Mindboggling. Can you just see it, asks Kozak: “...the investigative articles... on the front page of the New York Times... the sarcasm in Maureen Dowd’s column on the following day directed not toward the Arabs but the attorney general... and, of course, the president?”

Kozak’s point is compelling. After all, how different is this scenario from what the U.S. government is doing now to protect us all from future terrorist attacks? And yet this is precisely the kind of thing critics like the New York Times, which seems to have abandoned any pretense of journalistic evenhandedness in the present cycle, are castigating Bush for in the wake of recent revelations about wiretaps of U.S. citizens and residents in touch with al Qaeda by telephone. At the same time it’s precisely what they blame Bush and his team for  not having done in time to protect us from the attacks of 9/11. How many ways do they want to have it?

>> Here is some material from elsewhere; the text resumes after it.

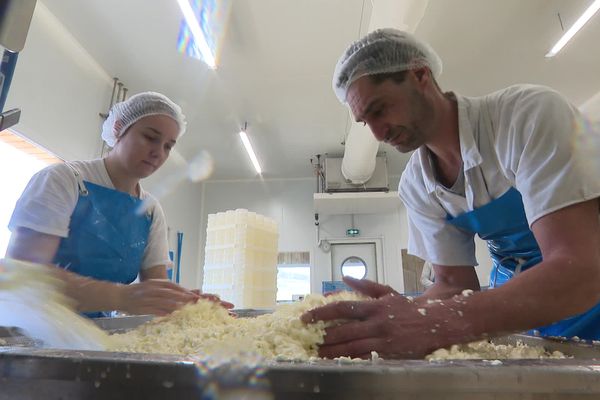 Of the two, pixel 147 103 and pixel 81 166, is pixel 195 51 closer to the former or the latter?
pixel 147 103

Indeed, how likely is it the U.S. government would have even been able to use today’s tools in the pre-9/11 environment? How likely that America’s elites and media would have supported such an effort before 9/11, particularly in light of the seemingly far-fetched scenario which actually did occur on that fateful day when terrorists  did commandeer  U.S. jetliners with boxcutters and fly them on suicide missions into U.S. skyscrapers and the Pentagon, killing some 3,000 innocent people?

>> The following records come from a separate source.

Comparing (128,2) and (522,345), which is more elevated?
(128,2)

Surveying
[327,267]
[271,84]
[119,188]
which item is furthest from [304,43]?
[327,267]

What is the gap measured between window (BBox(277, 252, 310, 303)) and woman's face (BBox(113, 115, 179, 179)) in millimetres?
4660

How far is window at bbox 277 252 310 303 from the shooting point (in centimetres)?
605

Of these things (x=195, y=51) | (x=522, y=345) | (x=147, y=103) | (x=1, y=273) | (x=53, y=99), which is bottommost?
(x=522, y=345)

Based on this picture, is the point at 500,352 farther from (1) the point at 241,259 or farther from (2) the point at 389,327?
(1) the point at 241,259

In light of all of the furor surrounding Patriot Act renewal and accusations of warrantless wiretapping, isn’t it time we Americans saw things in a little perspective? Isn’t it time we recognized a real enemy when we see one and support the actions necessary to defend ourselves and defeat that enemy? Isn’t it time news purveyors like the New York Times ceased what appears to be little less than a private war against the Bush administration and start recognizing the grim realities which face us and have faced us since the attacks of September 11, 2001... realities which the Bush administration has been working assiduously to deal with?

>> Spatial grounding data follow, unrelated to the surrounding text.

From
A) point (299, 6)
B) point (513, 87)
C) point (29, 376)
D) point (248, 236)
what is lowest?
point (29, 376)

Why are the New York Times and many other agents of mainstream media so blind to all this? And why are the Democrats, both leadership and rank-and-file, so committed to undermining the Bush administration’s efforts to do exactly what they have skewered the Bush administration for not having done before 9/11? Could it have anything to do with politics do you think? Could it maybe reflect the intense desire by those who may best be described as anti-Republicans (consisting of Democrats, most mainstream media reporters and editors, and academic elites) to drive the present administration from office, regardless of the real interests of our nation?